Machine-Learning Algorithm for Improved Speech Intelligibility in Noise
A monaural machine-learning algorithm for classifying time-frequency units in an unknown signal, which results in marked speech-intelligibly improvements in noisy signals.
Wireless carriers receive daily complaints about poor speech recognition in background noise during calls and are constantly looking for methods to improve especially in light of recent forays into VOIP. The ability to discriminate between speech and noise in an audio signal then is an extremely important aspect of improving customer satisfaction and improved product use, but current attempts to do so have resulted in only mild success.
Some state-of-the-art methods employ microphone arrays in an effort to boost the desired speech from one direction while attenuating the noise originating from others. These arrays have produced some modest improvements in speech-in-noise intelligibility, but their underlying calculations rely on assumptions that are often not met in natural environments. More promising methods combine deep learning with time-frequency masking (T-F masking) to improve speech intelligibility with just a single microphone. These techniques select and enhance the segments of the signal containing the most speech, while attenuating the rest. The existing T-F masking techniques, including Ideal Binary Masking (IBM) and Ideal Ratio Masking (IRM), can substantially improve intelligibly, but each has drawbacks that may hinder their implementation.
Researchers at The Ohio State University, led by Dr. Eric Healy, have developed a novel form of T-F masking that combines the computational simplicity of the Ideal Binary Mask (IBM) with the superior sound quality of the Ideal Ratio Mask (IRM). The result is intelligibility results equal to or superior to the IRM at computational loads only marginally larger than the IBM.

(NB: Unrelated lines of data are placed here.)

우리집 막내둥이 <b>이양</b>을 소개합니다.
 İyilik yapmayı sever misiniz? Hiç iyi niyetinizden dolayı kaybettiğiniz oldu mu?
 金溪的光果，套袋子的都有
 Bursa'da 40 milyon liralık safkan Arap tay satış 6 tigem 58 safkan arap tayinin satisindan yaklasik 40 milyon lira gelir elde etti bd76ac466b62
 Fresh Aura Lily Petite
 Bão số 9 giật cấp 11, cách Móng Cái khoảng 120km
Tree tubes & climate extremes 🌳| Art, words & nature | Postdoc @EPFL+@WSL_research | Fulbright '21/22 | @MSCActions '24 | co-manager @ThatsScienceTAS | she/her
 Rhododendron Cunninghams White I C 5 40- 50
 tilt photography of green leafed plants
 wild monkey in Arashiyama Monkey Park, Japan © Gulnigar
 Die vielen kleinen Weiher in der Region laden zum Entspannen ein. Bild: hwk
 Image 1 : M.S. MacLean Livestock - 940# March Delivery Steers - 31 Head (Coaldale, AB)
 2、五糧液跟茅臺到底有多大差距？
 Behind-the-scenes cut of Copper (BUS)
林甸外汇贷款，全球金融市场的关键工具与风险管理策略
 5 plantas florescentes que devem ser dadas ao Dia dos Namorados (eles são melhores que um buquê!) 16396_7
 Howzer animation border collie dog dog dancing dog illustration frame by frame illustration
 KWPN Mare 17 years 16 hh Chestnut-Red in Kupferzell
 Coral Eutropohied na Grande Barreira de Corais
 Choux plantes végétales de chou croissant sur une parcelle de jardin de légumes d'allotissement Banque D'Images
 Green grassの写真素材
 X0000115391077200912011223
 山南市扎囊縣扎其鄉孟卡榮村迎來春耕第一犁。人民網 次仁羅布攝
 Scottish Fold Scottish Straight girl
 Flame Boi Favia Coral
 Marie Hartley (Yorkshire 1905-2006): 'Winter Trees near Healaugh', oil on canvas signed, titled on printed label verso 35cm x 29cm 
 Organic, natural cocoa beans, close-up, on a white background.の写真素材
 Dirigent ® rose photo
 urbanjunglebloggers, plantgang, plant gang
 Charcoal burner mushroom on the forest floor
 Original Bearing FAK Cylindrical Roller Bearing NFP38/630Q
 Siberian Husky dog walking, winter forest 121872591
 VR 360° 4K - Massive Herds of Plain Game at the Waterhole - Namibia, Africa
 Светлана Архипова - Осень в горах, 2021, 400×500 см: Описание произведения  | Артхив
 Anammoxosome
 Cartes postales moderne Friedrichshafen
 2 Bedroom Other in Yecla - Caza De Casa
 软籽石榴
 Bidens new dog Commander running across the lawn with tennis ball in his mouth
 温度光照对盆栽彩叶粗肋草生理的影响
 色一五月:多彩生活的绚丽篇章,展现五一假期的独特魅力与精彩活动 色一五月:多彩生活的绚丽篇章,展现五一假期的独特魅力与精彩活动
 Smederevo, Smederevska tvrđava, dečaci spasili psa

The IBM is a binary system that assigns a value of 0 or 1 to each time-frequency unit based on its signal-to-noise ratio (SNR). Units with a poor SNR are assigned a 0 and attenuated, resulting in an output signal containing only T-F units dominated by speech. In the IRM, units are again attenuated, but they can be assigned any value between 0 and 1 resulting in a smoother output. The Ideal Quantized Mask (IQM), developed by OSU’s research team, combines the advantages of both methods. Instead of the IBM’s two attenuation levels, IQM classifies each T-F unit into any number of discrete categories. While this means the IQM could theoretically have an infinite number of categories, with just eight attenuation levels the IQM achieves IRM-level intelligibility that is far higher than that of the IBM, but without the need to engage in IRM’s regression calculations.
The algorithm is trained using techniques of deep learning to analyze and classify T-F units. Once trained, the algorithm estimates the IQM for the speech-plus-noise mixture. Importantly, the algorithm can be trained using any input signal, meaning it can be used to identify any desired marker in a noisy signal, making the IQM valuable for a wide range of applications, including voice communication, speech recognition, and noise cancellation.